スタートアップでメンバーがうつ病に。その時周りができるサポートとは?
先日、創薬スタートアップの代表をうつ病で退任してから現在までの記録を公開したところ、多くの方から「うつ病になったメンバーをどうサポートしたらいい?」、「調子を崩した人は、どう寄り添われたら嬉しい?」などサポートに関する質問を頂きました。
産業医の面談や福利厚生で導入されているメンタルケアはもちろん重要ですが、それがあってもなくても、周囲のサポートはとても大切です。
そのため今回は、「周囲のサポート」をテーマに、私が経験を通して感じたことをお伝えします。サポート方法はもちろん、実施にあたっての注意点や支援体制のつくり方など記載しました。
この記事が、スタートアップで働く中でうつ病でダウンした人への支援を始め、出資先や社内メンバー関わらず、共に働く人や大切な人に対し「あれ、いつもと様子が違う?大丈夫かな?」と感じた時にも役立ててほしいです。
なお、本記事ではメンバーに向けた支援を中心にご紹介しています。代表に向けたサポートについてはこちらをご覧ください。
本記事を読むに当たっての注意点:
・この記事は「病院を受診する前~初診後」を想定しています。周囲が異変を感じた場合、迷わず医療機関への受診を勧めてください。
→私自身、発症時に周りから言われるまで受診の選択肢がありませんでした。初診後だけでなく、病院に行く前の時期から対策を取ることが重要だと感じ、今回記載しています。
・あくまでも私の経験から記載をしています。そのため参考や指針に留め、相手とご自分、周囲の状況からご判断ください。
■サポートにあたっての注意点
まず、「サポートする人が無理のない範囲で行う」を大前提にしてください。メンタルヘルス領域は「ミイラ取りがミイラに」を地で行く領域です。「支援者との共依存」や「サポート側の負担が限界を越え、二次被害が発生する」など、共倒れになった話は枚挙に暇がありません。
しかし、周囲の人の助けや声がけが、本人の回復や予防に大きく寄与するのも事実です。簡単な挨拶や日常の雑談などでも、当事者にとってはしっかり助けになっています。

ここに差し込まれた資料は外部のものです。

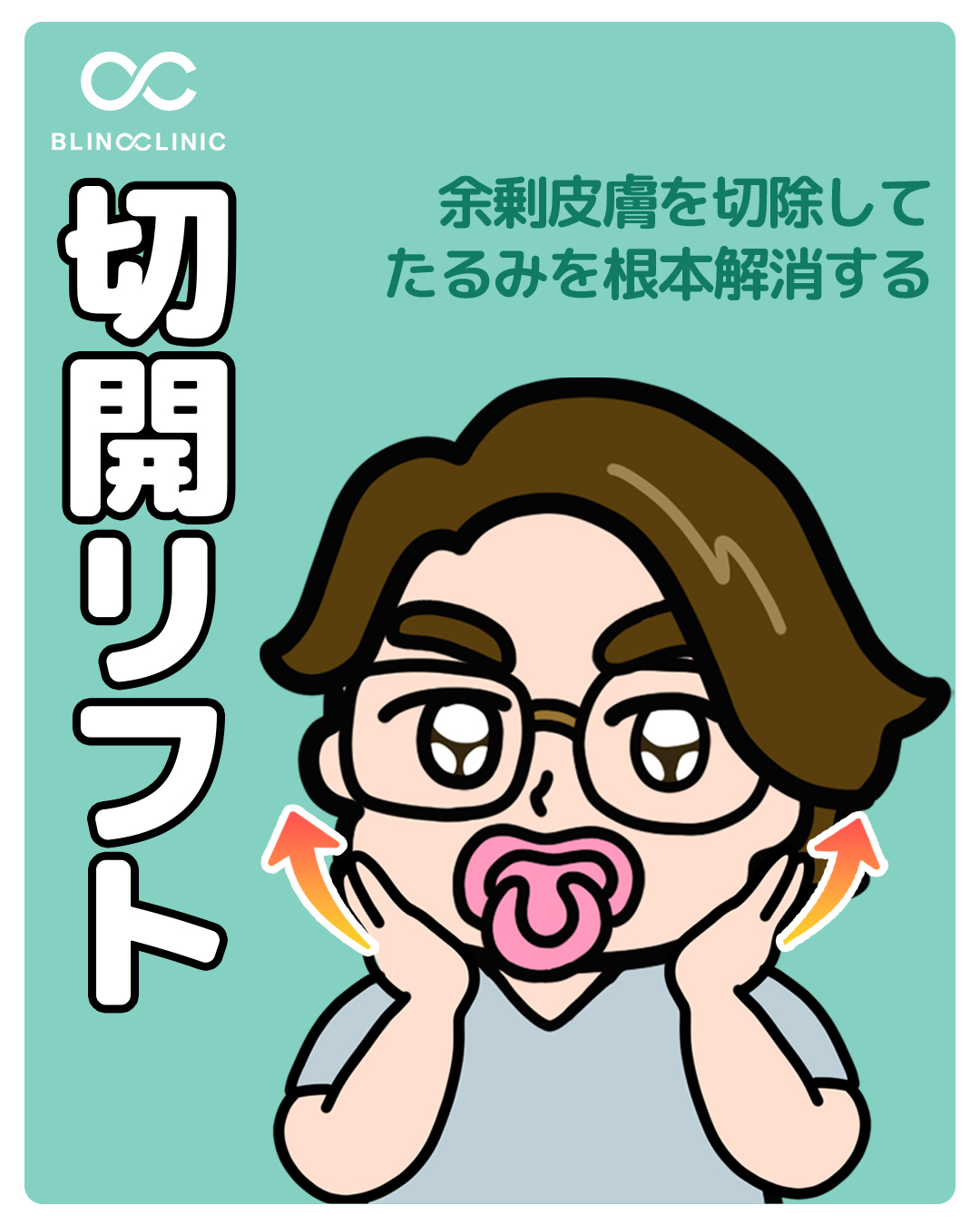 切開リフト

実際、私も同じような経験があります。周囲に退任を伝えた直後、多くの友人やスタートアップ仲間が声をかけてくれました。この言葉が、「私は一人じゃなかった。自分が見えてなかっただけで、今も変わらず応援してくれてたんだ」と自分を立て直すきっかけになりました。
なので周囲の皆さんはあまり構えず、小さくても大きくても、無理のない範囲でのサポートをお願いします。
■サポート体制について
・複数のメンバー、異なる部署や所属での対応を
スタートアップに限らず、メンバーがうつ病でダウンした場合、近しい上司や同僚などがサポートするのがよくある事例かと思います。ただ可能であれば、チームや所属が異なる複数人でサポートにあたることをおすすめしたいです。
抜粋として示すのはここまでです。